When Lincoln was traded for the second time in his career, he was on a hunting trip in Oil City, Pa., when Toronto general manager Alex Anthopoulos called.

"It was 11 p.m. at night on a Tuesday," Lincoln said. "When that happens in the offseason, you know something's going on."

Lincoln liked what he heard during his first conversation with Phillies officials. They told him they had liked him for some time. They still do.

"He shows his stuff - live fastball, a breaking pitch," manager Ryne Sandberg said. "He's working on really hitting his spots and making the quality pitch, and working to get ahead of the hitters."

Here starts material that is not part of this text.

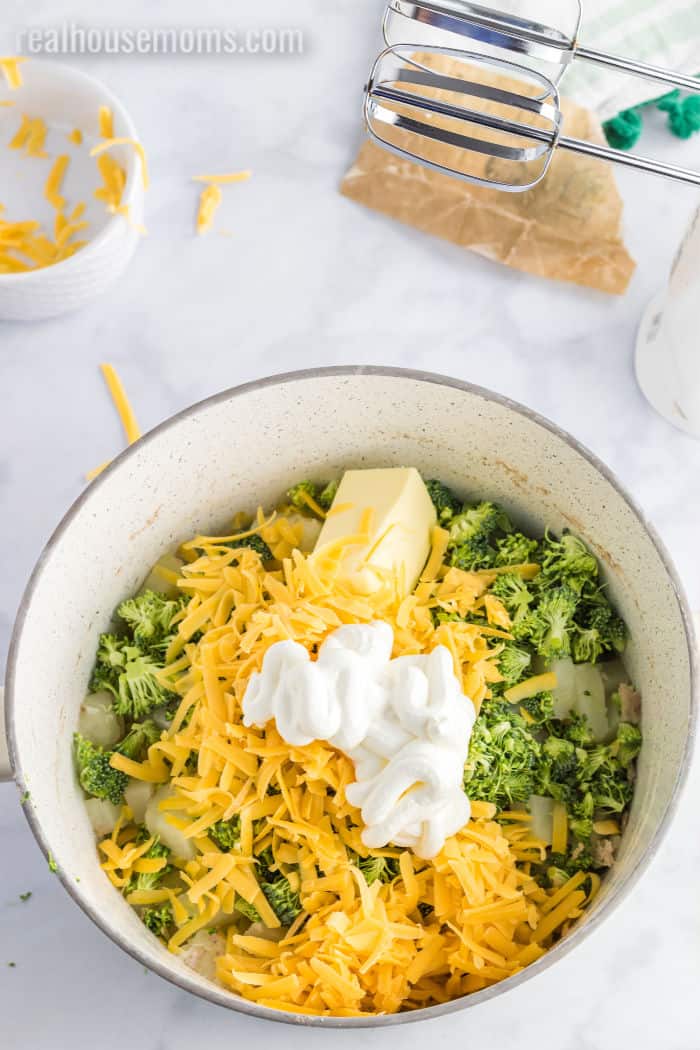 broccoli, cheese, butter, and sour cream in a pot with boiled potatoes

Lincoln had success in his first two spring appearances: no runs, two hits, three strikeouts and no walks in two innings. He struggled yesterday.

But any bad games he has to endure this spring in his quest to win a bullpen job won't be the biggest hurdle Lincoln has ever had to clear. Eight years ago, the Pirates used the fourth overall pick in the 2006 draft to select Lincoln out of the University of Houston. Three of the next seven picks in the first round, chosen after Lincoln: Clayton Kershaw, Tim Lincecum and Max Scherzer.

"I try not to put any more pressure on myself than I already have," Lincoln said. "Having that [status] of being a first-round pick, I don't look too much in it. Now I'm here, a regular guy. I'm not up here on top of the pedestal. I'm here with everyone else, and I try to look at it that way and go about my business. I try to get in the paper in a good way, not in a bad way."

Making the Opening Day roster would be a good start.